Но больше она об этом не думала, не вспоминала. Да и некогда было. Дальше она делала дело: пыталась откренивать своим легким телом яхту. Но ветер дул такой, что когда Ваня уваливал яхту под ветер, ее грот-парус почти касался воды, и яхта скользила под таким креном, что Вера на своей скамейке не сидела, а стояла вертикально. "Ого!" — только удивлялась она: как только яхта не перевернется? Об остальном она не думала, она знала, это было в ее сознании: упасть в воду для нее — при любой раскладке — означало конец. Она слабосильная, тут же захлебнется. А спасательные жилеты, даже если они и предусмотрены на яхте — где они сейчас? И опять она знала: ни к чему они в этом дубаке; через пять минут в воде уже закоченеешь, долго не продержишься.

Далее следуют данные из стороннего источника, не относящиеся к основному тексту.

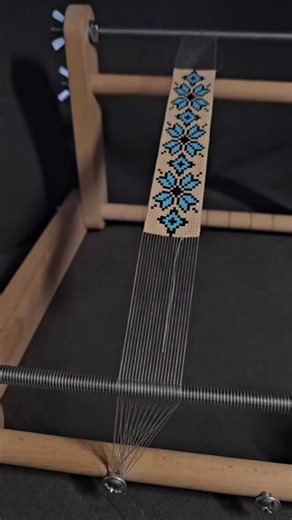 Kobzar Beads - Beading Patterns & Tutorials on Instagram: "Miyuki delica beaded bracelet. Loombeading. Follow for daily beading 🥰 #beadwork #kobzarbeads #patterns #beadweaving #loombeading"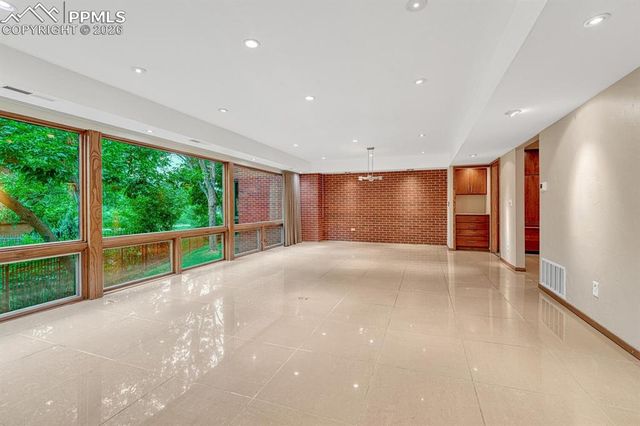 75 W Boulder Street, Colorado Springs, CO 80903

По времени был вечер, а над морем стояла серая, стального цвета ночь. Встречный ветер гнал волны в бок и с трудом позволял двигаться вперед. Когда яхта вылетала на гигантскую пологую волну — шторм был, как предположила Вера, баллов семь-восемь, — далеко впереди виднелись трубы стоящего на рейде большого судна, которое пережидало шторм, — когда они шли вперед, его там не было. Темный силуэт его был заметен на фоне более светлого неба. Больше, кроме огромных бугров волн, не видно было ничего… На этот эфемерный силуэт и пытался ориентироваться Ваня.